The Powell-Put Has Been Struck Lower… And Don’t Expect The Fed To Kick-Save Us Easier Anytime Soon

The Powell-Put Has Been Struck Lower… And Don’t Expect The Fed To Kick-Save Us Easier Anytime Soon

While the hard de-risking of Friday has seen a calming overnight (thanks to a ‘meh’ China RRR cut), The Fed’s recent coordinated messaging-shift to “inflation fighter” remains top of mind for most investors.

A smorgasbord of Fedspeak late last week made it clear that The Fed has:

a clear desire for an accelerated taper (double-up to complete by March) in order to…

…liftoff the policy rate sooner (commence June?)

For now it’s working as the market is fully pricing-in a rate-hike by June…

Nomura’s Charlie McElligott warns that the sudden flip-flop jawboning has risk-assets “stuck” in a deleveraging and exposure reduction cycle, particularly for a market parked in crowded “easy-policy” trades (like leveraged “bond” proxies of “Secular Growth” profitless Tech)

…and against a general complacency as it pertains to the Fed’s ability or willingness to tighten as per recent scar-tissue of the past decade (conditioned by the “Fed Put” and their intolerance for pain since the ’08 crisis—i.e. the policy reversals seen around the Taper-Tantrum in ’13, the Yellen “weak USD” pivot / “Shanghai Accord” in ’16 and the Powell capitulation in Jan ’19 after the QT on “auto-pilot” / “long way from neutral” financial conditions tightening tantrum).

McElligott explains that last week’s violent action de facto evidenced a sense that the “Fed Put” has been (at least temporarily) re-struck lower:

…the aforementioned “trapped positioning” being netted- or grossed- down into year-end risk mitigation and illiquidity, as the Fed is now viewed as unable to “bend the knee” to a market which is conditioned for a pivot towards a dovish accomodation;

…it seems increasingly clear that until CPI likely peaks in 1Q22 (as inflation is now a tier 1 “political hot potato” issue), the FOMC are unable to kick-save us ”easier”.

But, the Nomura strategist notes that the market is really hedged here, pricing in “crash” at eye-watering levels across major US indices…

…and that could dictate a monster rally, as long as spot can hold north of 4500 and things don’t crack this week… if possible, holding until options expiry the following Friday (Dec 17th).

SpotGamma notes that there are currently 3.3 million SPX puts tied to 12/17 expiration and if selling picks up we see a reflexive negative gamma feedback loop, explained here. Essentially a break of 4500 may indicate that realized volatility (i.e. actual S&P movement) will rise to meet current implied volatility.
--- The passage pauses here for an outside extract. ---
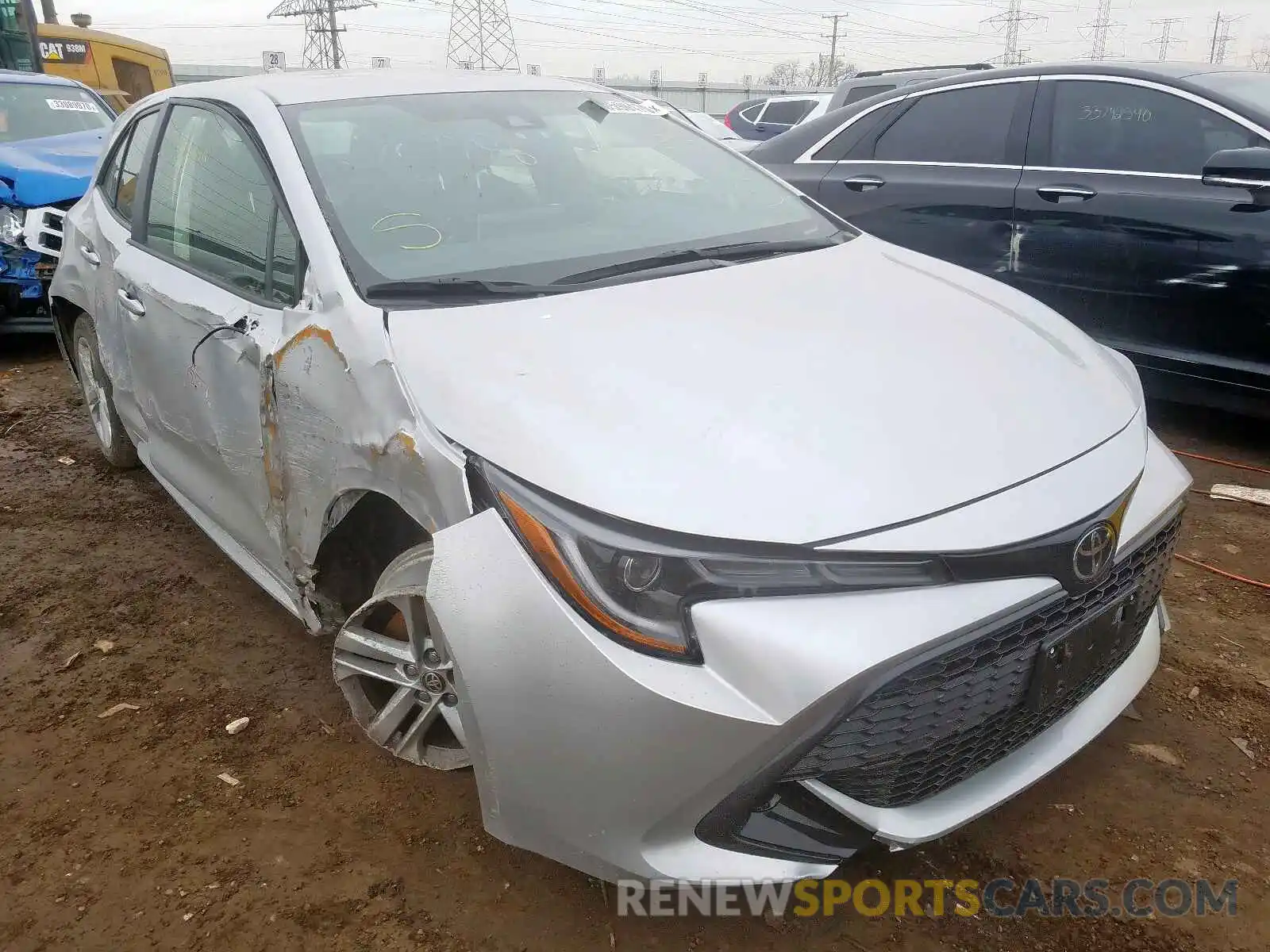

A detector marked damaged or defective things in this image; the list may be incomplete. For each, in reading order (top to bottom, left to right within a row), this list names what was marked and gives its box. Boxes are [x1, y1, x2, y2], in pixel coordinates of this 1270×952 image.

blue damaged car [0, 67, 113, 335]
missing front wheel well [312, 495, 432, 622]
But, McElligott warns, threats remain, including local proximity to SELL triggers in CTA Trend where both NQ and ES signals would go from “+100% Long” to “-40% Short” with real notional behind it on the “flip” long-to-short signal:

S&P 500, currently 100.0% long, [4531.25], selling under 4508.46 (-0.50%) to get to -40%, more selling under 3518.59 (-22.35%) to get to -100%, flip to short under 4508.46 (-0.50%), max short under 3518.59 (-22.35%)
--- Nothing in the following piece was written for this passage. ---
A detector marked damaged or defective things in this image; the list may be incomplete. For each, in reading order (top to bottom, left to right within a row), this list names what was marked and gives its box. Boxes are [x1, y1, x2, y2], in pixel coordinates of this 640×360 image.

NASDAQ 100, currently 100.0% long, [15723.5], selling under 15598.13 (-0.80%) to get to -40%, more selling under 11973.36 (-23.85%) to get to -100%, flip to short under 15598.13 (-0.80%), max short under 11973.36 (-23.85%)

Regarding VIX at 30, the Nomura strategist points out that the S&P really needs to sustainably move more than 1.5% a day (frankly closer to 1.8ish%), or else VIX is going to collapse under its own weight and mean-revert lower as it always does, thanks to reflexive Vol sellers (shorting “rich” vol as a buy-the-dip expression) and downside-hedge-monetizers (taking profits as a selloff realizes, both of which create Delta to buy).

But… if we keep realizing this 1.5%-2.0% area that is being implied, McElligott concludes ominously that there is still hell to rain down (read, lots more $ selling).

SpotGamma also warns that while they are giving an edge to a rally into next week – you must respect the downside. This is a market for large directional swings and not mean reversion. 12/17 expiration is 2 weeks out, and just ahead of that is a major FOMC meeting on 12/15. What comes from that FOMC will combine with an OPEX accelerant to make for a very interesting end to 2021.